City of Lawrence testing water for ‘forever chemicals’ ahead of proposed EPA regulations

photo by: Mike Yoder

A treatment tank is pictured at the Clinton Water Treatment Plant in this file photo from 2010.

Lawrence officials can’t yet say whether the city’s drinking water contains dangerous “forever chemicals” that came under new scrutiny from the Environmental Protection Agency this week, but Lawrence has started spending money to find out.

City officials last tested for the polyfluorinated substances — known as PFAS — in 2013, and the city didn’t detect any in its water supply at that time. But there have been some changes since then.

For one thing, testing has become more sophisticated. For another, the EPA now is placing more urgency on removing the chemicals from water supplies. The chemicals have been linked to kidney cancer, low birth weights and other health issues.

The EPA this week proposed the first ever federal limits on PFAS, which would require drinking water utilities to remove any PFAS at or above the four parts per trillion level, which currently is the lowest level that tests can detect.

The EPA estimates at least 100 million residents use drinking water that has PFAS levels at or above that amount.
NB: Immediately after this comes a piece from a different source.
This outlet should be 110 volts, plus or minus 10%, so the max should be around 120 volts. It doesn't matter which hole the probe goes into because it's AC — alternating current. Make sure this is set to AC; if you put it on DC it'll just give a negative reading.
The chemicals had been used since the 1940s in consumer products and industry, including in nonstick pans, food packaging and firefighting foam. Their use is now mostly phased out in the U.S., but some still remain. They frequently are called “forever chemicals” because they don’t degrade in the environment.

Joshua Toevs, water quality lab manager with the city’s Municipal Services & Operations division, said Lawrence was following the issue.
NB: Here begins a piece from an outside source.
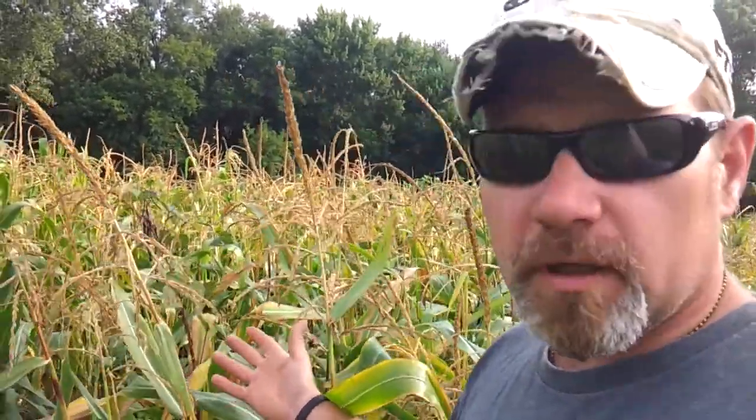Good morning, everybody — back with another video. Today we are working on harvesting corn and picking the purple potted pole beans.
“The city decided to test for PFAS based on current and upcoming regulatory requirements,” Toevs said.

With improved technology, Toevs said the tests on the water should provide a more detailed look at what PFAS chemicals are in Lawrence drinking water and at what level, especially compared to when the city last tested in 2013.

“Detection limits for the 2023 sampling are much lower than in 2013 due to the improvements in laboratory methods of measurement,” Toevs said.
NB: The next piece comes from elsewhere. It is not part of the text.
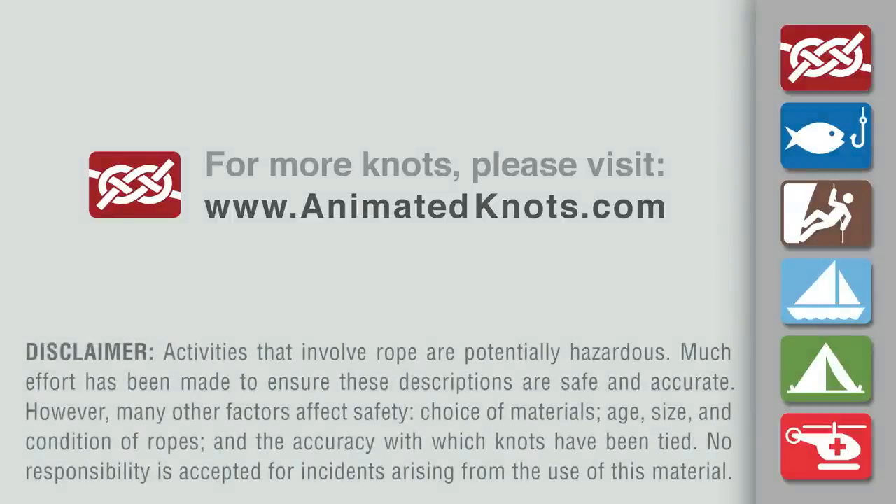For more information about this knot and many others, and to learn about our mobile apps, please visit animatedknots.com.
Results for the current testing are not yet available.

The additional cost of testing for the chemicals in Lawrence water is currently a one-time investment of $5,000 for four tests per year. If the EPA’s proposal is finalized, it would become an annual cost.

The bigger cost, though, would come if the city finds PFAS and has to install new equipment to remove the chemicals from the water. Toevs said it is not yet possible for the city to predict how much those costs would be, if the chemicals are found.

Nationally, some officials have expressed concern that water utilities will have to raise their rates if the new standards become final. Lawrence already is in the middle of multi-year increases to its water rates to fund other infrastructure upgrades.

The Association of State Drinking Water Administrators called the proposal “a step in the right direction” but said compliance would be challenging. Despite available federal money, “significant rate increases will be required for most of the systems” that must remove PFAS, the group said this week.

Toevs stressed that the EPA rules have not yet been finalized, and the city’s water utility continues to meet the regulatory requirements for drinking water and takes pride in providing clean and healthy drinking water. He also said Lawrence is fortunate to be a city that has multiple supplies of drinking water, pulling water from both the Kansas River and Clinton Lake.

“The issues regarding PFAS in drinking water are an additional example of the importance of supporting water treatment infrastructure and the ability of the city to test and treat water in a way that ensures it is safe to drink,” Toevs said. “We are fortunate to have two water plants with two different raw water sources, which gives us additional options in the treatment and management of any PFAS compounds that may be detected.”

— The Associated Press contributed to this story.